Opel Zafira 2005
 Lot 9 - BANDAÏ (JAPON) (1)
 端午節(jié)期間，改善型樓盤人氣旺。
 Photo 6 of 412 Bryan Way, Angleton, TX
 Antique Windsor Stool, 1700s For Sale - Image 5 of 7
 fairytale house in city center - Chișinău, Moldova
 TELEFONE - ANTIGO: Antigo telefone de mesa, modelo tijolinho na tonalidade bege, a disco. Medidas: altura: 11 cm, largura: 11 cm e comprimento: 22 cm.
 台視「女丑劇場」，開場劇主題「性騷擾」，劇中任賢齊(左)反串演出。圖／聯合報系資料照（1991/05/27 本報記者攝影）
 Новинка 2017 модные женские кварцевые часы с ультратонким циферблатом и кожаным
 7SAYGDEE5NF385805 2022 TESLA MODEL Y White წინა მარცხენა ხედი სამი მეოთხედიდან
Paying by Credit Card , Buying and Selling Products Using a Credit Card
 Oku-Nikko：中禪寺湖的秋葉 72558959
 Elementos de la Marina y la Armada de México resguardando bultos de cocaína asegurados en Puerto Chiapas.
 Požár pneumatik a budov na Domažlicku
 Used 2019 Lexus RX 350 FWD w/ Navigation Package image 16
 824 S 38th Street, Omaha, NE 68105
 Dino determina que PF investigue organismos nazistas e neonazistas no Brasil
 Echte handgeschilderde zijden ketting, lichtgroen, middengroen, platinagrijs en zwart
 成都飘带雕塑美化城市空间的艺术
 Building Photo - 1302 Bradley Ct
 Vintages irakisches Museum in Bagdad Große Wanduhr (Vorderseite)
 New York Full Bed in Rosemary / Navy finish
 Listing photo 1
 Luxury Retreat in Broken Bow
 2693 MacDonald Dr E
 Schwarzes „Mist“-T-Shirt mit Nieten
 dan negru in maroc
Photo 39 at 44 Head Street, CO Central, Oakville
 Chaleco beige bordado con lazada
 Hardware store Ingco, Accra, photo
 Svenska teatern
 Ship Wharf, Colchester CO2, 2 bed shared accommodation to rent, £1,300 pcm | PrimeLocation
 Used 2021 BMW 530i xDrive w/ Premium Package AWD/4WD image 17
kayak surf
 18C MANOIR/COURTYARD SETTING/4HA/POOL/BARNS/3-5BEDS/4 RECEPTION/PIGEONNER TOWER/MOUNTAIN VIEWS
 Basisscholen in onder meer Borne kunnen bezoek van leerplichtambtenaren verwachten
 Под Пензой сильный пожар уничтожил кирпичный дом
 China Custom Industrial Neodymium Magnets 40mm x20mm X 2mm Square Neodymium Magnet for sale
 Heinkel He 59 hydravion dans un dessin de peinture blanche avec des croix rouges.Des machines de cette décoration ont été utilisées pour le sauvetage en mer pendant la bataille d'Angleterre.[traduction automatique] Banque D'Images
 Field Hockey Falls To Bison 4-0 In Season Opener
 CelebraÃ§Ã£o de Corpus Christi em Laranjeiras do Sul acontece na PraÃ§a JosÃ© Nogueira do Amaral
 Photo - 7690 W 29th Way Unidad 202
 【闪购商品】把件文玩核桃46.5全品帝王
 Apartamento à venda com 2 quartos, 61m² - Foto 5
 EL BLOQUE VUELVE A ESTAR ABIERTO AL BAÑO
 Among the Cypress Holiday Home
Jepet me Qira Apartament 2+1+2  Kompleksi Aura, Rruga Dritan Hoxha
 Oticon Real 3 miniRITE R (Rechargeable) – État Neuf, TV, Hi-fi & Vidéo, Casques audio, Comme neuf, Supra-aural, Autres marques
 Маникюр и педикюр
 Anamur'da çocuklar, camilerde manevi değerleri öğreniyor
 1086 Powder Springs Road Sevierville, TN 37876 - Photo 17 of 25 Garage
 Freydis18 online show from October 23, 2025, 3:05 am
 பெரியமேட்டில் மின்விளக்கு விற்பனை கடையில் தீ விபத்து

### Directions
Copy out the lines above exactly, beginning at the one that contains "18C MANOIR/COURTYARD SETTING/4HA/POOL/BARNS/3-5BEDS/4" and ending at the one that contains "1086 Powder Springs".

### Finished exercise
 18C MANOIR/COURTYARD SETTING/4HA/POOL/BARNS/3-5BEDS/4 RECEPTION/PIGEONNER TOWER/MOUNTAIN VIEWS
 Basisscholen in onder meer Borne kunnen bezoek van leerplichtambtenaren verwachten
 Под Пензой сильный пожар уничтожил кирпичный дом
 China Custom Industrial Neodymium Magnets 40mm x20mm X 2mm Square Neodymium Magnet for sale
 Heinkel He 59 hydravion dans un dessin de peinture blanche avec des croix rouges.Des machines de cette décoration ont été utilisées pour le sauvetage en mer pendant la bataille d'Angleterre.[traduction automatique] Banque D'Images
 Field Hockey Falls To Bison 4-0 In Season Opener
 CelebraÃ§Ã£o de Corpus Christi em Laranjeiras do Sul acontece na PraÃ§a JosÃ© Nogueira do Amaral
 Photo - 7690 W 29th Way Unidad 202
 【闪购商品】把件文玩核桃46.5全品帝王
 Apartamento à venda com 2 quartos, 61m² - Foto 5
 EL BLOQUE VUELVE A ESTAR ABIERTO AL BAÑO
 Among the Cypress Holiday Home
Jepet me Qira Apartament 2+1+2  Kompleksi Aura, Rruga Dritan Hoxha
 Oticon Real 3 miniRITE R (Rechargeable) – État Neuf, TV, Hi-fi & Vidéo, Casques audio, Comme neuf, Supra-aural, Autres marques
 Маникюр и педикюр
 Anamur'da çocuklar, camilerde manevi değerleri öğreniyor
 1086 Powder Springs Road Sevierville, TN 37876 - Photo 17 of 25 Garage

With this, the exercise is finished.